# Need Help Buying A Rod



## cnm606 (Mar 12, 2011)

I'm new to the board and was wondering if some of you could help me out buying a combo. I'm basically looking for the best rod/reel combo to fish the beach shore under 100 dollars. I've looked around cabelas and bass pro and have read up on some, but I'm looking for more of a local and experienced opinion. Any advice would be greatly appreciated. Thanks.


----------



## BullDawg (Mar 5, 2011)

Give Outcast Bait and Tackle a call or Hot Spots either one of them would be more than happy to help you. They are both very friendly and affordable!


----------



## cnm606 (Mar 12, 2011)

Thanks for the response. I'm not actually in the pensacola area right now so I was looking to find something online. Any other suggestions would be great.


----------



## FishnGator (May 1, 2008)

15ft Offshore Angler Rod with a Daiwa Emcast Sport spinning reel. Should run just under $100.


----------



## cnm606 (Mar 12, 2011)

Thanks for the response. Any suggestion for line?


----------



## Bump_N_Twitch (Mar 4, 2011)

#50 powerpro backed with mono?


----------



## cnm606 (Mar 12, 2011)

So when you back the line with mono, what lb test would you use and how much of it would you use? I'm still kind of confused about the whole backing with mono thing. I'm new to this and I'm very appreciative of the info yall are giving me.


----------



## Austin (Sep 30, 2007)

You don't need much backing, but it depends on how much power pro you spool on.

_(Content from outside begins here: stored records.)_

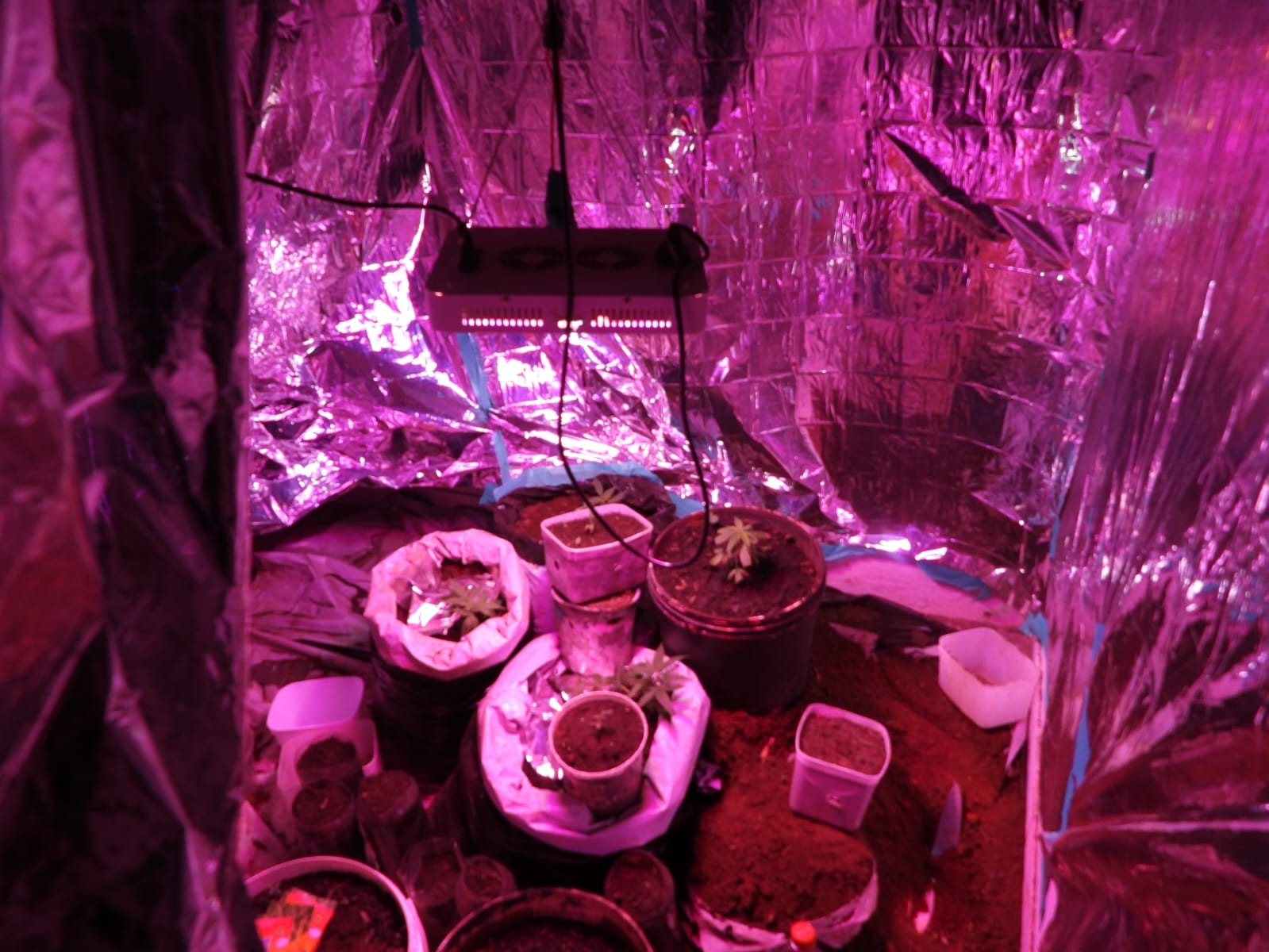 Preso por tráfico em MT tinha estufa com iluminação e ventilação especiais para cultivo de maconha em casa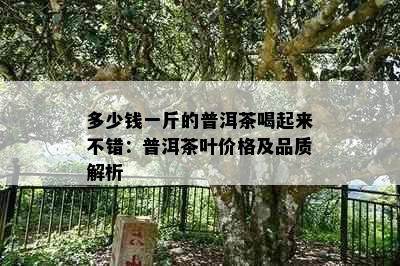 多少钱一斤的普洱茶喝起来不错：普洱茶叶价格及品质解析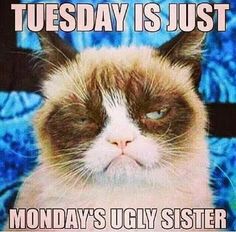 a grumpy cat with the caption today is just monday's ugly sister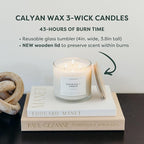 Calyan Wax Co. Oakmoss & Amber 3 Wick Scented Candle - Image 4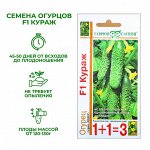 Семена Огурец &quot;Кураж&quot;,  F1,  серия 1+1, 20 шт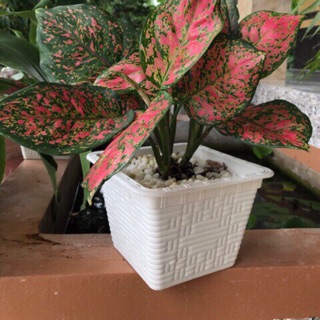 Chậu nhựa mây trắng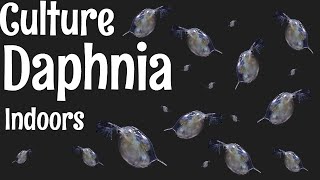 How to Culture Daphnia [upl. by Lacee]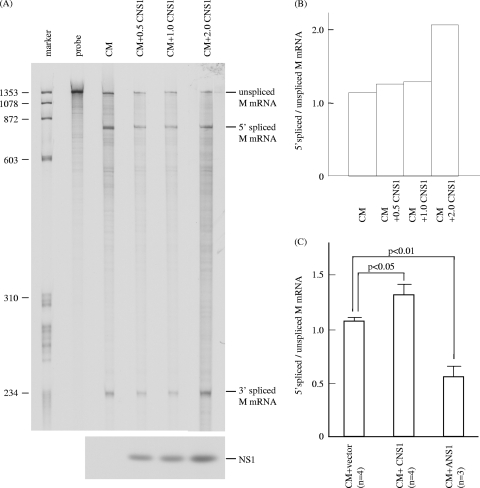 FIG. 9.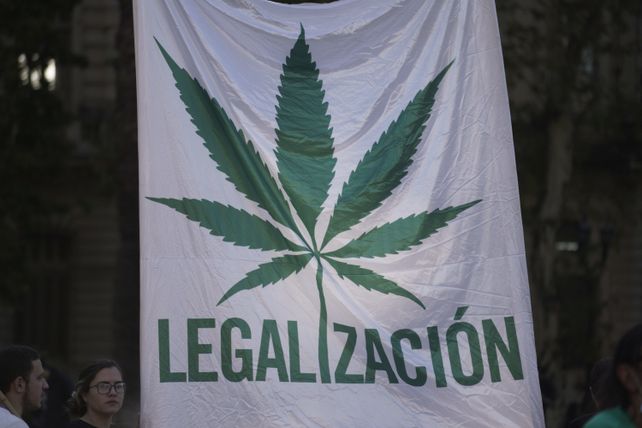Marcha de la marihuana: una movilización para defender derechos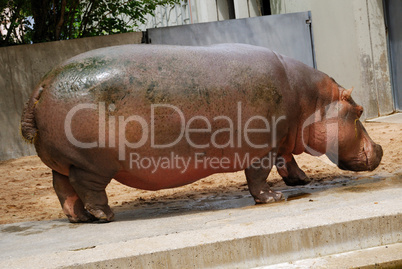 Hippo - side view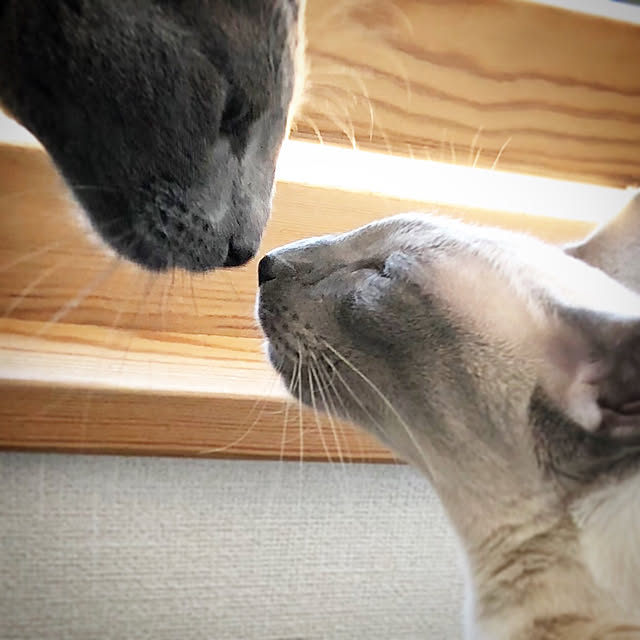 mujinekoさんの実例写真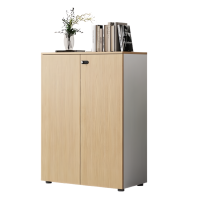 智叶舟矮柜两门800*400*1200mm台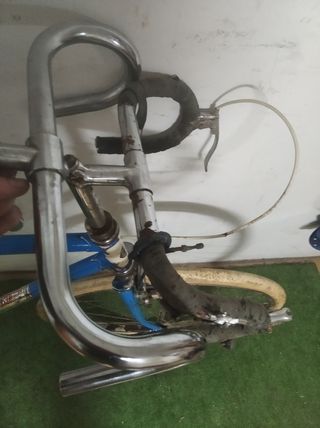 Gimson clasica Juvenil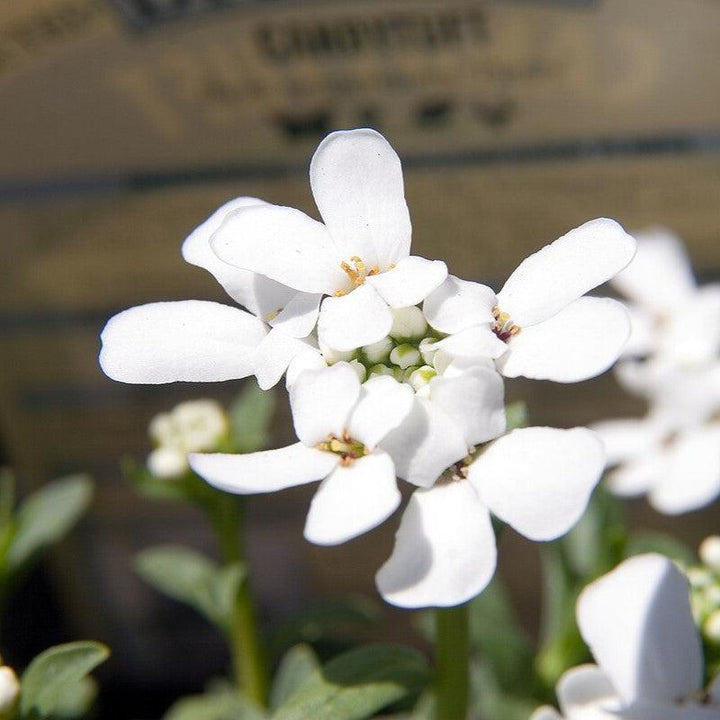 Iberis Sempervirens 'Purity' ~ Purity Candytuft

Mono backing is basically used to grip the spool due to power pro having no stretch. If you want to spool up with power pro only, a strip of tape before you spool up will do the trick. But full spool of power pro is pricey.


----------



## Bump_N_Twitch (Mar 4, 2011)

just do a couple turns of mono. maybe 30-40 yards


----------



## cnm606 (Mar 12, 2011)

Makes a lot of sense. Thanks a lot.


----------



## cnm606 (Mar 12, 2011)

So if I were to get the Daiwa reel mentioned above, and it's rated for 320 yds. of 25 lb test, how many yards of the 50 lb power pro would fit on there? Because braided lines are a lot smaller right?


----------



## Bump_N_Twitch (Mar 4, 2011)

right. it is, but im not sure how much smaller.


----------